La frite de biocapteur retient les molécules d'ADN synthétiques, qui sont négativement - chargé, dans une solution de sel aqueuse. Ces longues molécules sont attachées à une extrémité sur une surface d'or. L'extrémité libre est marquée avec une borne fluorescente, ainsi il peut optiquement observer ; et même au bout les scientifiques peuvent mettre une « sonde de saisie, » une molécule qui s'adapte avec la protéine cible comme la clavette à un blocage. Les potentiels électriques alternatifs ont réglé les molécules d'ADN en mouvement, balançant dans les deux sens entre les conditions « restantes » et « menteuses » avec les changements réguliers d'un inducteur fortement logé mais fort. Si la protéine d'intérêt est présente en matériau témoin mis sur la frite de biocapteur, elle grippera à la molécule « principale ». Et parce que ceci rend les brins d'ADN considérablement plus lourds, leur mouvement de oscillation sera sensiblement plus lent. La confirmation précise de l'identité de la protéine captée peut être déduite des mesures de ce mouvement, depuis la taille et la forme de la protéine affectera la voie l'oscillation de molécules d'ADN.

Cette approche est seule dans sa capacité de déterminer non seulement la concentration de la protéine cible, mais de montrer également si elle est modifiée par la maladie ou l'influence du médicament. Les scientifiques travaillent actuel avec une frite qui peut analyser 24 protéines différentes en parallèle. « Le potentiel d'analyser, sur une puce unique, beaucoup de protéines immédiatement en termes de paramètres multiples représente une amélioration significatif, » dit M. Ulrich Rant, chef du projet. La harangue est un chercheur dans les laboratoires de prof. Gerhard Abstreiter à l'institut de Walter Schottky, un institut central de VENTRE concentré sur la physique principale de l'électronique de semi-conducteur.

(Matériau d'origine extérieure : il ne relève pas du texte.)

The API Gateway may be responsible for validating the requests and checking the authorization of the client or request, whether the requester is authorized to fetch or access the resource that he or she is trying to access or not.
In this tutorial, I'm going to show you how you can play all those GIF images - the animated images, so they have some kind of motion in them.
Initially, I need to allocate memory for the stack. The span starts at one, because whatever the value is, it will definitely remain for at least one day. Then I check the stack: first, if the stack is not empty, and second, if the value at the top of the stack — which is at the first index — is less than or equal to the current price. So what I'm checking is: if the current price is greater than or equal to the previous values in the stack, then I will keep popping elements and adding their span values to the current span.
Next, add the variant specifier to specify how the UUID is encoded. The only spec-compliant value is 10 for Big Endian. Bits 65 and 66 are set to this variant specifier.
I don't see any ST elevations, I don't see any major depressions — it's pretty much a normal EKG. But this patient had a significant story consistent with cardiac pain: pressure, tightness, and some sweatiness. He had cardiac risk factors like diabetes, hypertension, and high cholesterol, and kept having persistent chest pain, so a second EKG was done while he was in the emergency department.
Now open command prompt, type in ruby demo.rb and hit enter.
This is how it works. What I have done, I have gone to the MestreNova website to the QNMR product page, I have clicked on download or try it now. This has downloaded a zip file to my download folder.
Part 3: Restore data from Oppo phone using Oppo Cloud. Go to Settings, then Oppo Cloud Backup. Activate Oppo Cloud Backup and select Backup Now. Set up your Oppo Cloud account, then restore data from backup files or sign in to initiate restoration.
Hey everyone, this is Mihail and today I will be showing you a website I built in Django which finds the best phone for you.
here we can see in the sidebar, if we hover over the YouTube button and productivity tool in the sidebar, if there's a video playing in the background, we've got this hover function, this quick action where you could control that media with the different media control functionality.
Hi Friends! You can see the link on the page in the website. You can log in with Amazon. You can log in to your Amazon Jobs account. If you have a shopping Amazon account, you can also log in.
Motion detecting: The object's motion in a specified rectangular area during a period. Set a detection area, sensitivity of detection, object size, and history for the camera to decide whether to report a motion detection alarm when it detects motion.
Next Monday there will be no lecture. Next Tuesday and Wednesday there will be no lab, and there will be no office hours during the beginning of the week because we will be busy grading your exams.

Les domaines d'application importants pour ce biocapteur ébrèchent la technologie, que les scientifiques de VENTRE ont aboubé le « switchSENSE, » comprennent la diagnose médicale, le développement pharmaceutique de médicament, et la recherche de protéomique. Elle pourrait éventuellement transformer sa voie en cabinet médical, comme outil d'analyse simple et rapide pour recenser des maladies infectieuses.

La harangue et son équipe ont fondé une compagnie de démarrage pour commercialiser leur développement, supporté par le Technische Universitaet Muenchen et leur associé industriel Fujitsu Laboratories Ltd. elles ont gagné le support complémentaire par un programme de transfert de recherches appelé EXISTENT, parrainé par le ministère fédéral allemand de l'économie et de la technologie. Elles ont également été couronnées de succès dans les premières phases de deux concours entreprenants, le Muenchener Businessplan Wettbewerb et Science4Life. Le développement ultérieur est visé vers l'achèvement d'un prototype de préproduction d'ici fin 2010 et des projets-pilotes de collaboration avec des propriétaires dans la biotechnologie et les secteurs pharmaceutiques.

Dans le VENTRE, l'aide en faveur de cette recherche est venue par le troisième cycle d'université international du scientifique et technique (IGSSE). La harangue d'Ulrich est un Karl von Linde Fellow de TUM-IAS, l'institut universitaire pour des études supérieures. De plus, un candidat doctoral travaillant à cette recherche est financé par le troisième cycle d'université international de la science des matériaux des surfaces adjacentes complexes (CompInt).